In contrast to the prior art, the tooth segment is not connected in a fixed manner to the seat substructure or the seat adapter unit but is mounted pivotably on the seat back rotational axis or bearing journal. The tooth segment can thus be pivoted or rotated relative to the seat adapter unit. According to the invention, the tooth segment thus has the possibility of pivoting freely in the freewheel range or idle travel sector of the cutout. A free travel movement of the tooth segment is thereby made possible, and this can be used to activate the blocking mechanism. In this context, a free travel movement of the tooth segment should be understood to mean, in particular, a movement of the tooth segment during which there is no seat back movement. By means of the free travel movement, a tooth segment movement that can be used to actuate or unlock the blocking mechanism is ensured. In other words, the freewheeling of the blocking element enables activation or actuation of the blocking mechanism, thus ensuring release (unblocking, unlocking) of the blocking mechanism, even without an additional drive. A particularly suitable functional unit is thereby achieved; in particular, the functional unit is thus embodied in a way which is particularly compact in terms of installation space and reduces the weight of the structure since a separate drive for actuating the blocking mechanism can be omitted.
In the installed or assembled state, the functional unit and thus the blocking mechanism are arranged on a seat back side. The opposite seat back side of the seat back is preferably embodied with a similar blocking mechanism. The blocking mechanisms of the two seat back sides are coupled, for example, via a Bowden cable. The Bowden cable is coupled to the pawl system of the functional unit on the active seat back side, i.e. the seat back side having said functional unit. The two blocking mechanisms thus operate synchronously.
In an advantageous embodiment, the extension is in contact in each of the blocking positions of the pawl system with the opposing stop of the freewheel. This ensures that play-free and crash-proof locking or blocking of the seat back movement is ensured despite the freewheel. In other words, the seat back can be locked without play in the end stop by means of the pawl system.
Thus, the blocking element has, for example, an upper blocking position for the pawl system (on the upper blocking element end side) and an upper stop for the extension (on the upper cutout end side) as well as a lower blocking position for the pawl system and a lower stop for the extension. In this context, the terms “upper” and “lower” refer, in particular, to the relative location with respect to the blocking element, irrespective of the actual position in the surrounding space. For example, the extension is at an upper stop when the pawl system is in a lower blocking position and vice versa.

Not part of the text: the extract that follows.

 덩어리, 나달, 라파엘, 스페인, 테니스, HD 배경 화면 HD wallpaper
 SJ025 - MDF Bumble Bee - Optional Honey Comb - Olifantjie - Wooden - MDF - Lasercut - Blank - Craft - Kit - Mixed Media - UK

In a suitable development, the extension moves within the freewheel cutout from one stop to the other when the pinion adjuster performs a driving movement to move the seat back. In the course of the driving movement, the pinion adjuster drives the drive pinion in rotation, causing the pinion tooth system to run in the segment tooth system. The tooth segment, which meshes with the pinion tooth system via the segment tooth system, is thus swiveled, as a result of which the extension is swiveled in the freewheel cutout. When the extension is moved from an end position formed by the stops into an intermediate position situated in between, the pawl system is moved out of a blocking position into an intermediate position that releases the seat back movement. The functional unit is therefore embodied in such a way that the pinion adjuster activates the tooth segment in such a way that the pawl system is activated to unlock the blocking mechanism by the movement of the extension within the idle travel.
After the extension makes stop contact with the respective other stop and is thus in the opposite end position, the seat back movement takes place in that the drive pinion rolls on the now fixed tooth segment. By means of the stop, a connection, in particular a positive and/or nonpositive connection, is thus formed between the tooth segment and the fixed blocking element. The tilting or swiveling process of the seat back movement should end in a mechanical stop and should advantageously also be blocked. In the further development, this function is also performed by the blocking mechanism. During the seat back movement, the pawl system is transferred to the respective other blocking position, with the pawl system being released at the end of the seat back movement, with the result that it moves into the corresponding blocking position of the fixed blocking element on account of the spring preload, and the seat back is thus blocked in its seat back position. The unlocking of the blocking mechanism and the seat back movement are thus controlled by means of a common driving movement of the pinion adjuster, thereby shortening the adjustment time of the seat back.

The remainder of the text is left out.